NEW YORK (TheStreet) -- "This has been a great year," said Scott Wren, managing director and senior equity strategist at Wells Fargo Advisors, to TheStreet TV's Brittany Umar.
Given that equities are fairly valued, there isn't likely much upside left going into the final few weeks of trading. But in 2015, investors can expect "good, but not great returns," Wren predicted.
Wren estimates that the S&P 500 will generate returns of about 6% to 10% next year.
The U.S. economy is likely to continue to gain steam. Wren expects to see 2015 GDP ring in at around 2.8%. He also said the global economy will likely stabilize next year.

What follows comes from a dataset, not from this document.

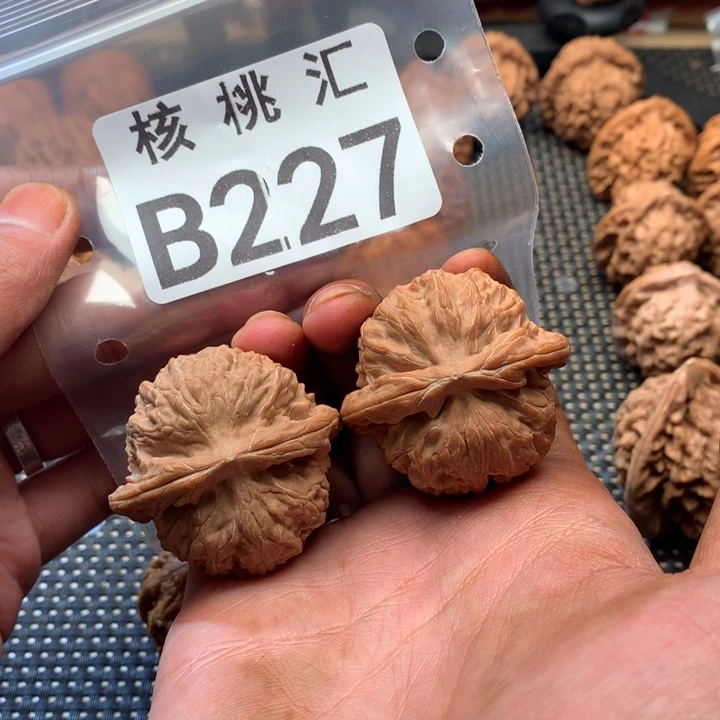 吊坠文玩核桃金麒麟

Of course, much depends on the Federal Reserve and when it will raise interest rates.
The Fed has to be careful in this regard, Wren warned. The summer is likely the earliest point at which it would raise rates. The move may happen in the fall if the Fed wants to be sure the economy is strong enough to withstand higher rates.
However, there's one wild card that one nobody would expect, Wren said. That's for the Fed to forego a rate hike in 2015. That's an unlikely scenario, Wren acknowledged, but not impossible.
Wren expects the unemployment rate to drop below 5.5% by the end of 2015. It would also be nice to see wage growth accelerate next year, he added.